When someone on the Internet describes a work of fiction as 'visionary', it's usually meant as a form of praise, referring to a willingness to defy convention in favor of something more thought-provoking and enticing. As defined by a dictionary, 'visionary' refers to embracing fanciful and often impractical ideas.
Mawaru Penguindrum falls under both definitions.
What Kunihiko Ikuhara of Utena-fame has created here is a show that takes philosophical musings on themes such as fate, love and death; and combines them with slapstick antics involving ghost penguins and ping-pong balls that erase people's memories.
If that sounds difficult to take seriously to you, don't bother watching this show. It's going to get a lot weirder.
The overall product is audacious, if nothing else; presenting the story 2 brothers, Kanba and Shoma, who promise to help a mysterious entity track down an object called the Penguindrum in a desperate attempt to ward off the death of their sister, Himari. Their quest has them run into a slew of messed up characters and situations, and before long the narrative turns into a complete mess.
There are several reasons for this.
A big problem is that the series has absolutely no regard for logic and consistency, even within its own narrative. At the start of the series, Himari is brought back to life after succumbing to an incurable disease. Her death and subsequent revival are treated as tragic and miraculous, respectively. Makes sense. What doesn't is that this is repeated several times over the course of the series, treated with the same impact every time. Viewers, however, might be puzzled or annoyed by this repetition seeing as it raises the question as to how severely this series treats the concept of death. This is exacerbated once another character reveals that he's been dead for over a decade, after which the story moves on, completely unaffected by the revelation.
Character development also tends to be very inconsistent. Motivations, personalities and even backstories can change from one scene to the next just to suit the needs of the plot. The aforementioned memory-erasing ping-pong balls are liberally used to retool previously established plot-points to the narrative's convenience.
Other, basic issues also plague the storytelling: many of the back stories feel interchangeable (crappy childhoods galore), some characters who get a lot of screen time end up being completely insignificant while others are introduced seeming important only to be forgotten about before anything could even be done with them. The latter goings-on of the story also feature hackneyed developments involving terrorism, delusions (it's all in your head!) and cliffhangers (someone was stabbed! but who?) that end up not mattering in the slightest.
Most damning of all, however, is the clumsy way the overall product comes together.

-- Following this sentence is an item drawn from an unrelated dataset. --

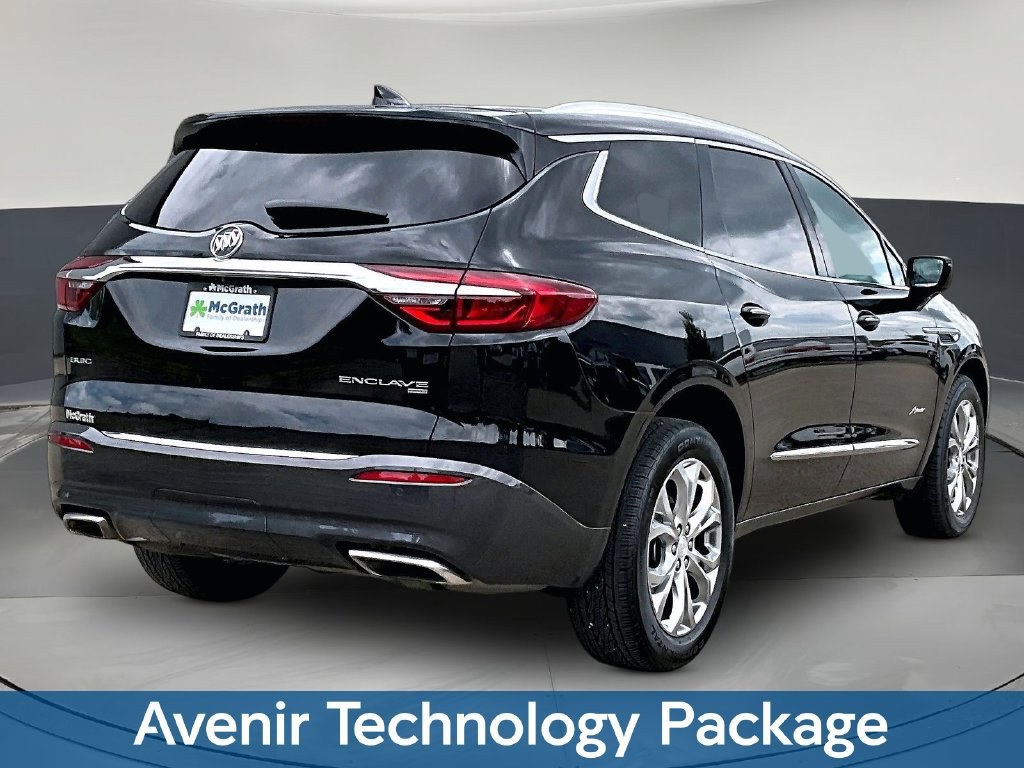 Used 2018 Buick Enclave Avenir w/ Avenir Technology Package AWD/4WD image 8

The shifts in tone – from whacky to dark and vice versa – are as frequent as they are jarring, and it all too often feels that the subjects about which characters are philosophizing have very little to do with the story of two brothers who are attempting to ward off that which should be inevitable.
*WARNING! The following paragraph contains spoilers about the general tone of the ending! WARNING*
Speaking of which, the ending cops out on that in a major way. The series spends a lot of time emphasizing how ordinary people are powerless in the face of fate and that struggling against the inevitable will often result in greater tragedy. One would expect such a story to end on a tragic note as is befit for a something that fancies itself an exploration of fate, but the actual ending turns out rather bittersweet; mostly leaning towards the sweet considering the dark events preceding it.
All that said, the series must certainly be praised yet again for its unique style. This show isn't just different for the hell of it. Ikuhara combines audio and imagery in striking ways, constantly delivering scenes that will shock and surprise. Even if you end up disliking the series, there's a definite guarantee that you'll remember it. Which is more than can be said for a lot of other stuff.
In closing, I'd like to say that while many others would opine that the Mawaru Penguindrum's unique style, impeccable direction and interesting themes make for a wonderful anime, I think that there are too many issues with the overall product to really consider it great. Many of which, I feel, can't be chalked up to mere artistic idiosyncrasy.